» **Problem description**
Each record needs to be retyped exactly, though its pictures should not appear.

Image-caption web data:
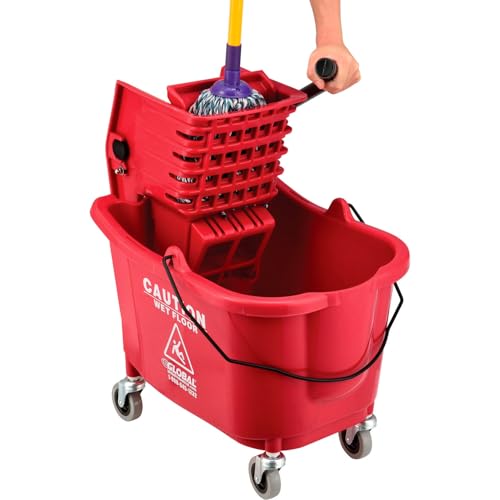 Global Industrial Commercial Mop Bucket and Wringer Combo with Side Press, 38 Quart Capacity, Durable Corrosion-Resistant Polypropylene, 3" Swivel Casters, Red - color: Red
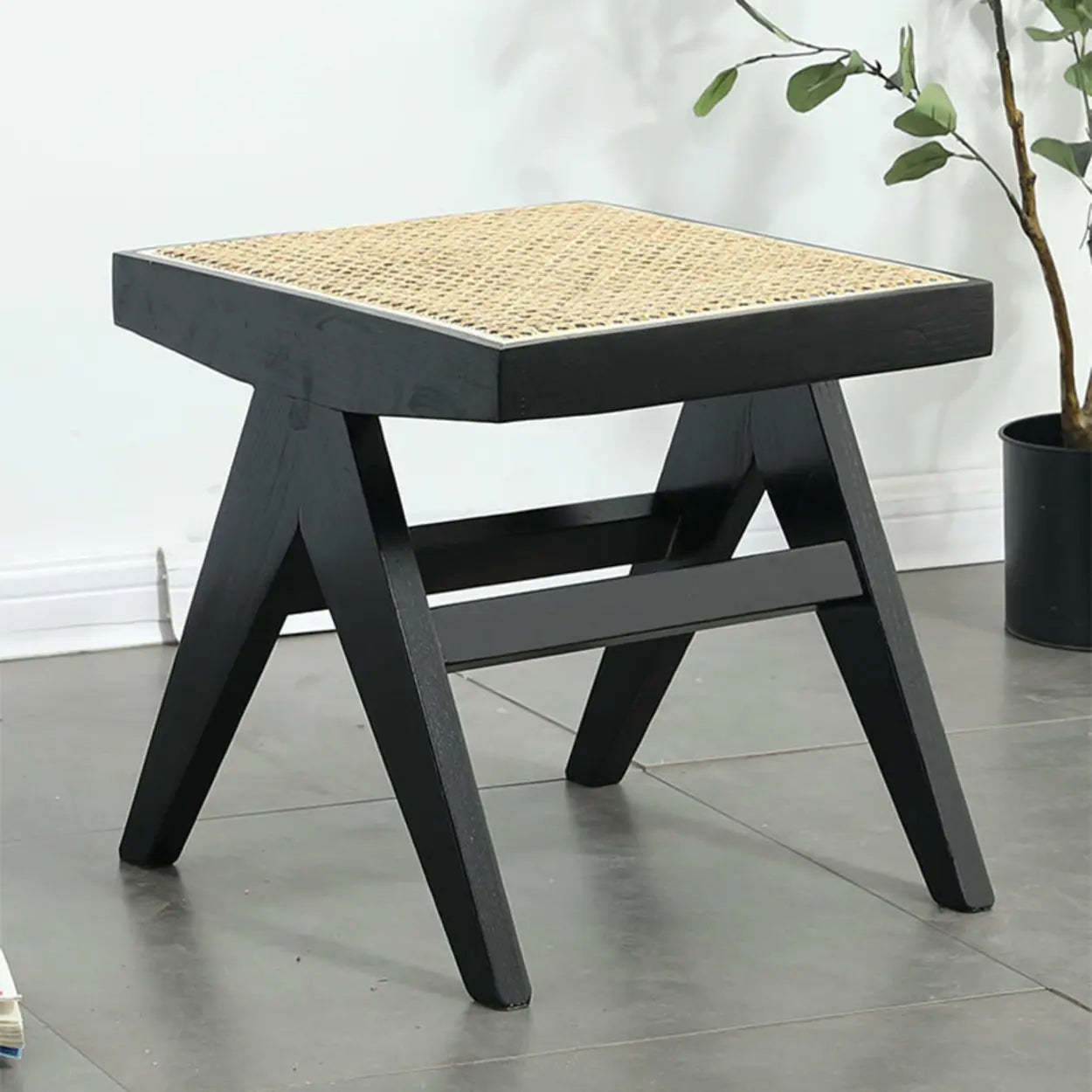 Wood Bench and Stool Set with Woven Rattan Seat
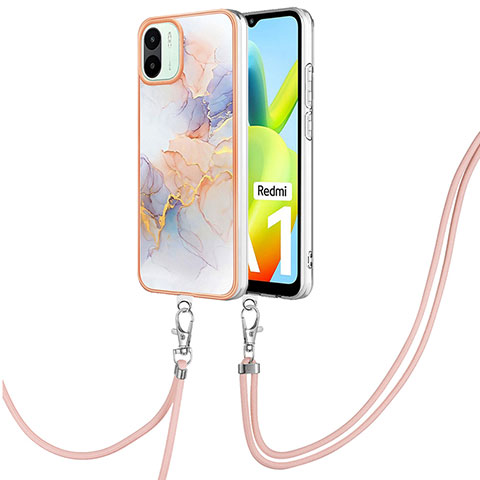 Handyhülle Silikon Hülle Gummi Schutzhülle Flexible Modisch Muster mit Schlüsselband Lanyard YB3 für Xiaomi Redmi A2 Plus Helles Lila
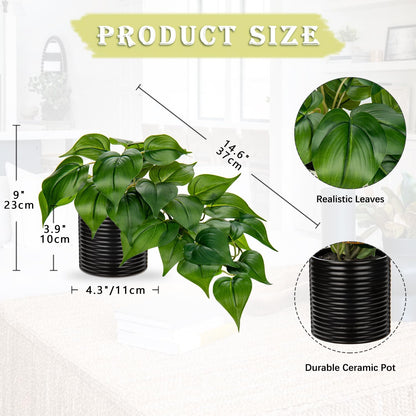 Artificial Plants Potted Alocasia Amazonica Polly Faux Plant with White Ceramic Pot Fake Hanging Plants Indoor for Home Living Room Shelf Office Aesthetic Decor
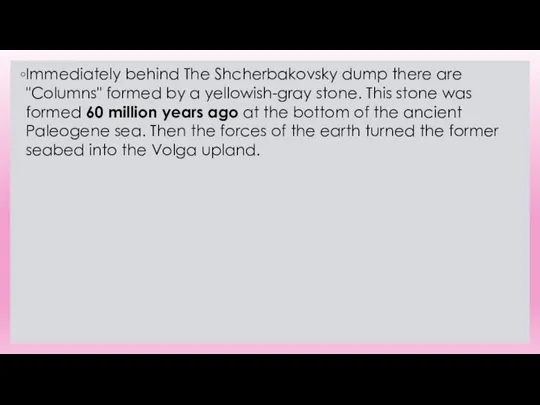 Immediately behind The Shcherbakovsky dump there are "Columns" formed by a yellowish-gray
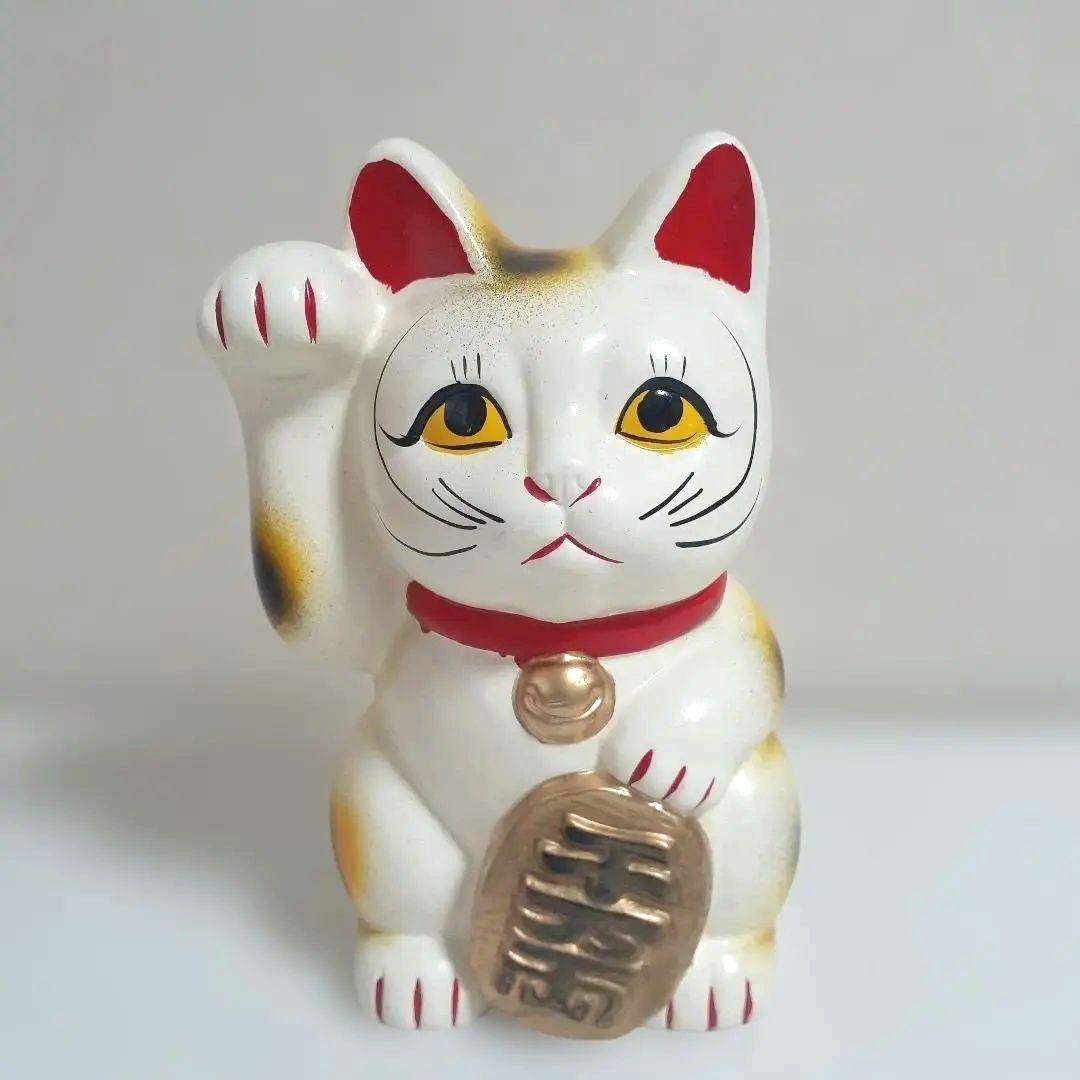 135瀬戸焼 元祖まねき猫 約15cm 三毛 右手上 上目遣い 昭和 陶器 元箱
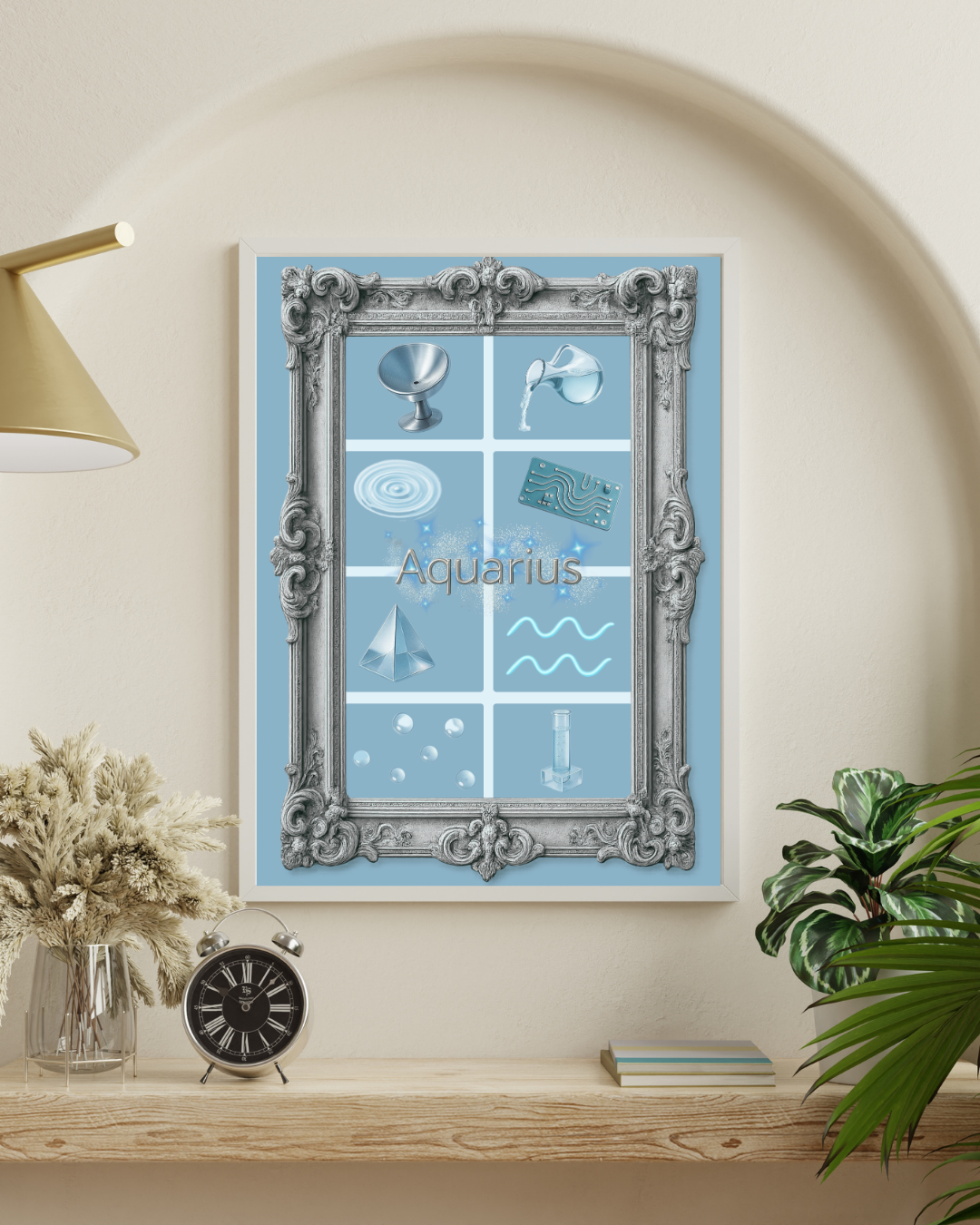 Zodiac Grids - Aquarius Digital Print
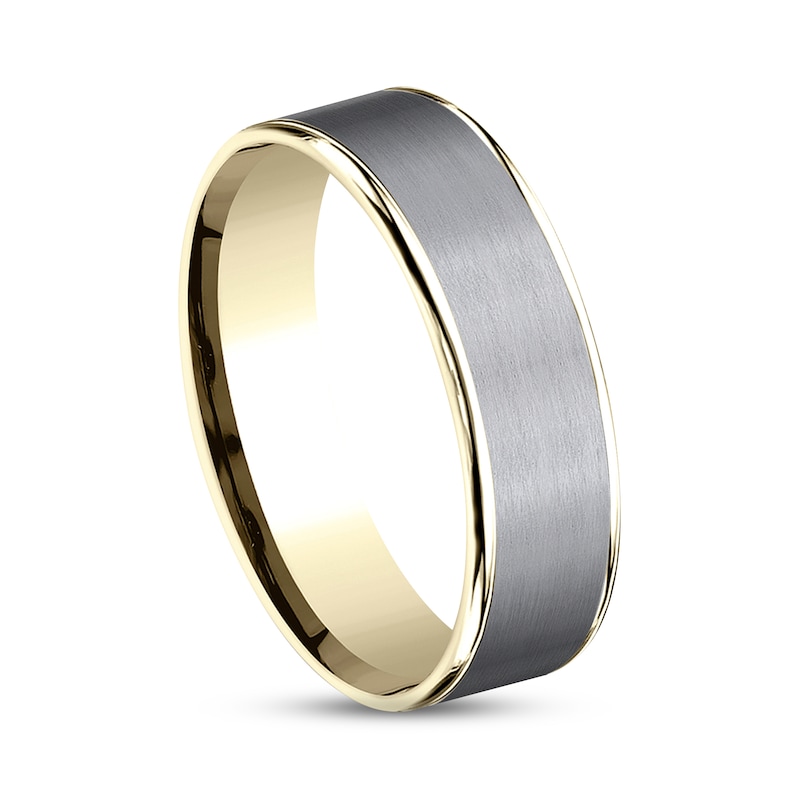 Main Image 2 of Satin Wedding Band 14K Yellow Gold/Tantalum 6.5mm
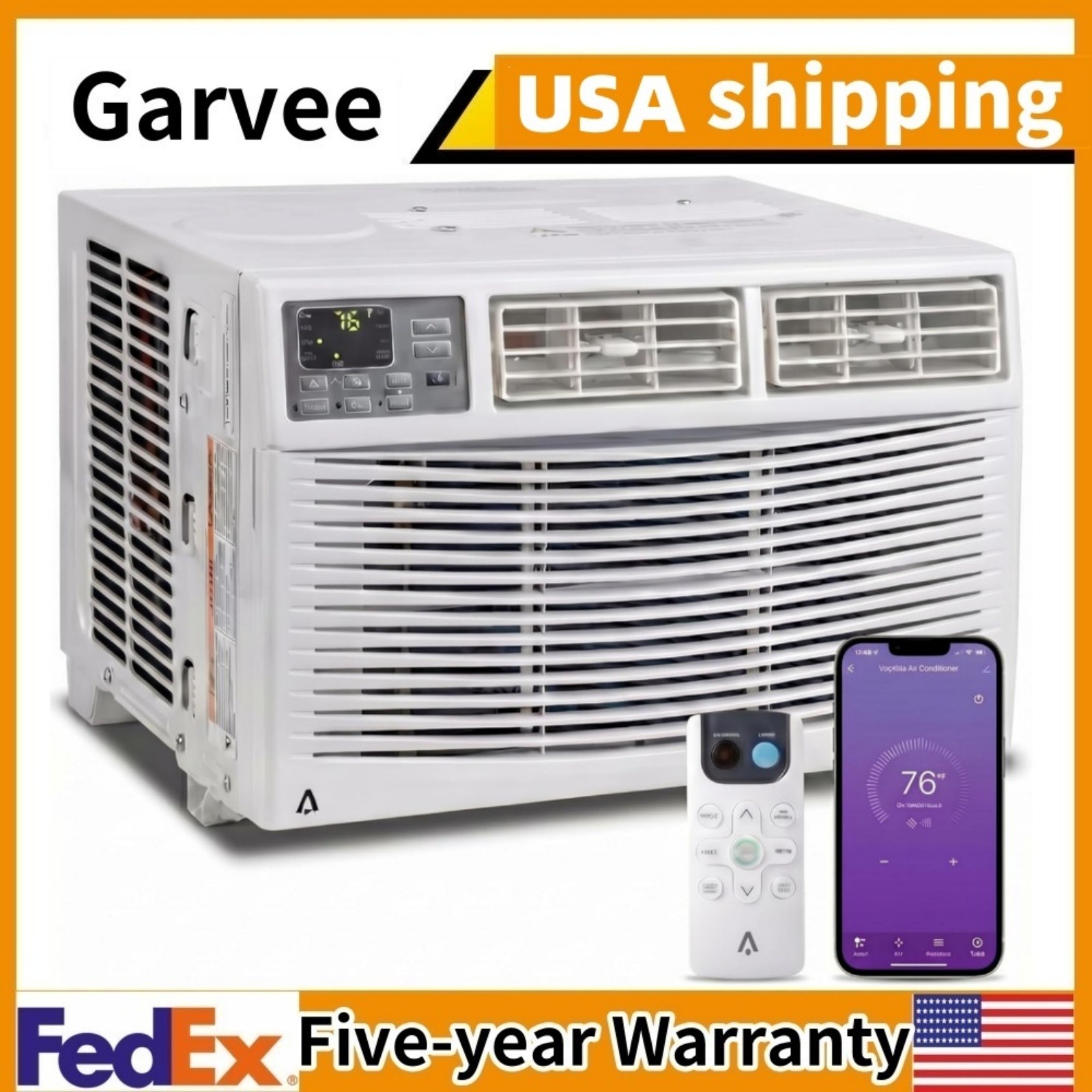 8000 BTU Window Air Conditioner App & Remote Control 3 Fan Speeds 115V 60Hz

» **Answer box**
 Global Industrial Commercial Mop Bucket and Wringer Combo with Side Press, 38 Quart Capacity, Durable Corrosion-Resistant Polypropylene, 3" Swivel Casters, Red - color: Red
 Wood Bench and Stool Set with Woven Rattan Seat
 Handyhülle Silikon Hülle Gummi Schutzhülle Flexible Modisch Muster mit Schlüsselband Lanyard YB3 für Xiaomi Redmi A2 Plus Helles Lila
 Artificial Plants Potted Alocasia Amazonica Polly Faux Plant with White Ceramic Pot Fake Hanging Plants Indoor for Home Living Room Shelf Office Aesthetic Decor
 Immediately behind The Shcherbakovsky dump there are "Columns" formed by a yellowish-gray
 135瀬戸焼 元祖まねき猫 約15cm 三毛 右手上 上目遣い 昭和 陶器 元箱
 Zodiac Grids - Aquarius Digital Print
 Main Image 2 of Satin Wedding Band 14K Yellow Gold/Tantalum 6.5mm
 8000 BTU Window Air Conditioner App & Remote Control 3 Fan Speeds 115V 60Hz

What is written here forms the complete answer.